Bio-inspired Food Challenge
Bio-inspired Food Challenge
In order to feed 9 billion people by 2050 we need to start thinking differently about food and re imagine the way we produce, process and supply nutrients and how we deal with waste.
2016 was the first year that EPFL is organizing such a challenge. The student participation to the challenge was part of their semester projects.
Given the novelty and interdisciplinarity of the approach, a Biomimicry Introduction lecture coupled with individual and group training sessions were organized by an experienced biologist.
Social and environmental context
Nature: protect and preserves with least amount of energy
Out there in the “wild”, outside our air conditioned homes and sterile factories, temperatures vary, microbes attack, there is drying and floods, shocks and wounds. It is the fight for survival in a Darwinian style and birds have learned how to fight it by adding an antimicrobial nanostructure on the surface of an egg shell. Just like birds, millions of species that have survived that fight have developed millions of strategies to protect themselves from physical and chemical factors and maintain functionality.

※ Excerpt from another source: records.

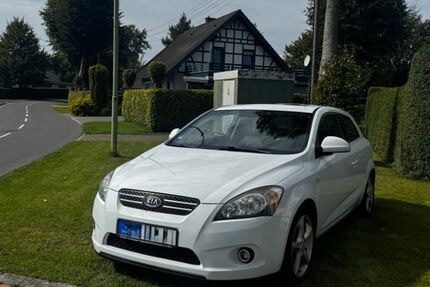 Kia pro ceed / ProCeed 232.307 km 1.550 € Monschau 52156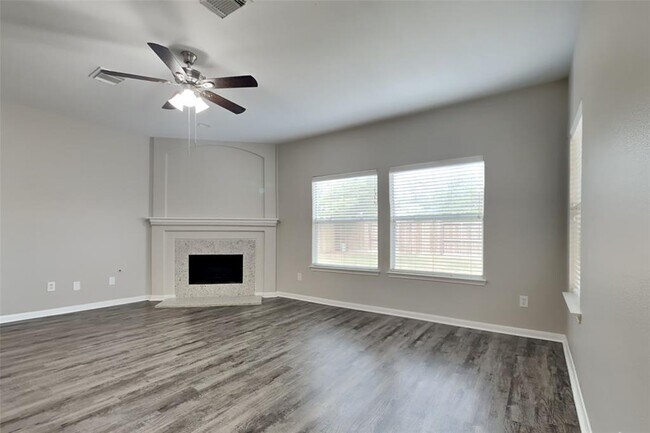 Foto del edificio - 6918 Summer Bridge Ln
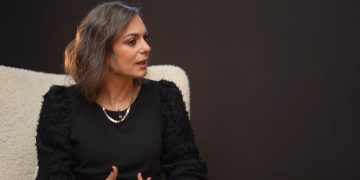 Μαρία Μπαλούτσου: «Δεν ένιωσα κάποιο ιδιαίτερο συναίσθημα όταν κράτησα για πρώτη φορά το παιδί μου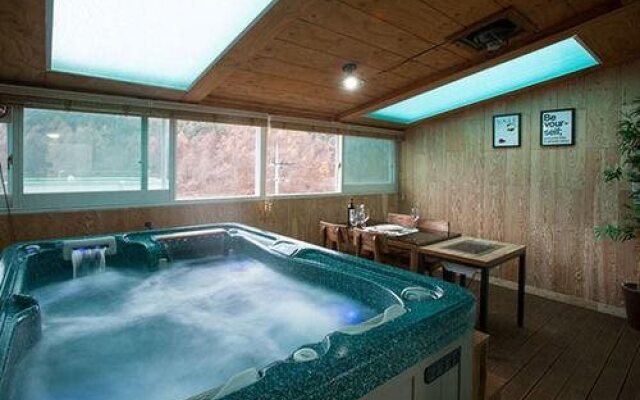 Gapyeong Claire Spa Pension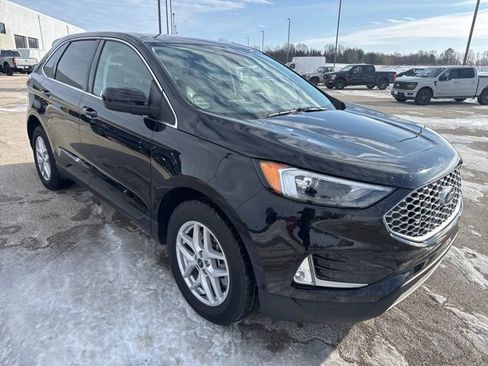 Used 2024 Ford Edge SEL w/ Convenience Package image 3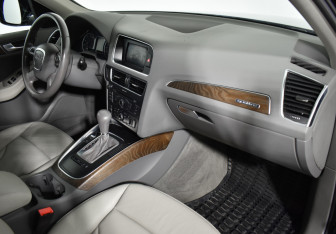 Подержанный автомобиль Audi Q5 2012 года (12 фото)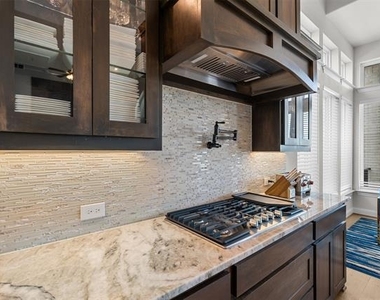 4428 Mill Pond Drive - Photo Thumbnail 6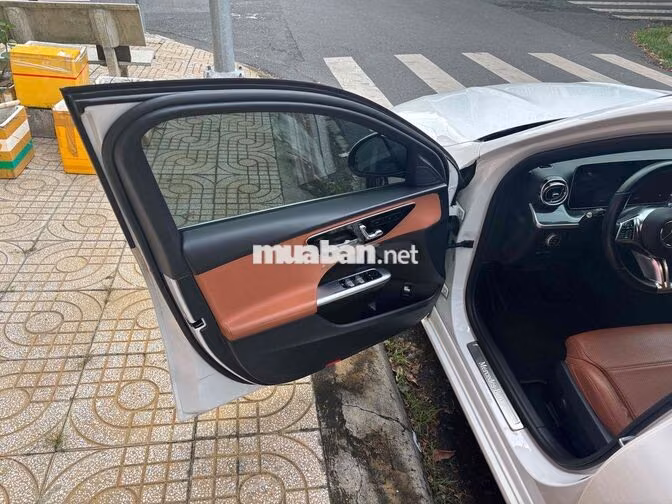 Mercedes-Benz C200 rất mới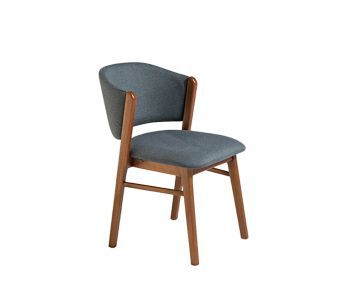 A Elegância Natural da Cadeira Malé Madeira: Conforto e Design Orgânico para Ambientes de Alto Padrão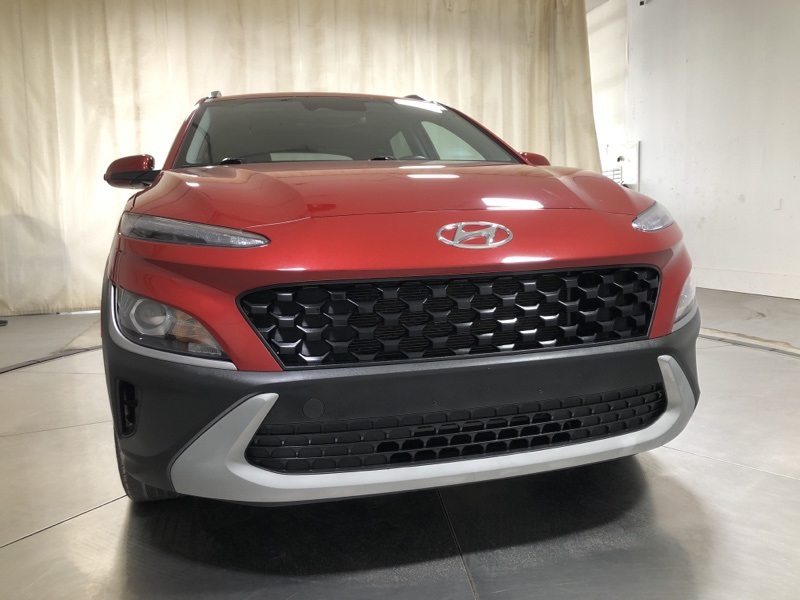 2022 Hyundai Kona SEL photo 2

In addition, all these strategies are part of the mathematical equation that economized on energy, that creates feedback loops for self-organization and responsiveness and that optimize rather that maximize. This gives rise to systems that are not only highly functional, but more importantly resilient and energy efficient.
Humans: creating waste while fighting food scarcity
On the other hand, within our air conditioned and controlled homes and manufacturing systems, we throw food away due to food damage during transport, too short food life span and damaging exposures to high summer and low winter temperatures. Even in countries of food scarcity, food is often thrown away due to damage caused by warm climates, microbial infections and unavailable high tech food preservation techniques.
And if everything goes as planned and the food actually reaches your plate, it has probably traveled more than you in the whole year and the manufacturing system and supply chain along the way have spent more energy that that plate will provide your body with.
Bio-inspired: solving human food challenges by using nature inspired thinking
In order to feed 9 billion people by 2050 we need to start thinking differently about food and reimagine the way we produce, process and supply nutrients and how we deal with waste.
We propose to tackle these issues by using Biomimicry approach as innovative problem solving tool. Biomimicry is a way of thinking and problem solving that looks at how a given problem has already been solved in nature. Animals, plants, mushrooms and microorganisms have inhabited this planet for the last 3.8 billion years, over which they have developed sophisticated and sustainable solutions for life on Earth. The goal of this challenge is to give students the opportunity to tackle important human challenges by using creative problem solving and Nature as a library of knowledge.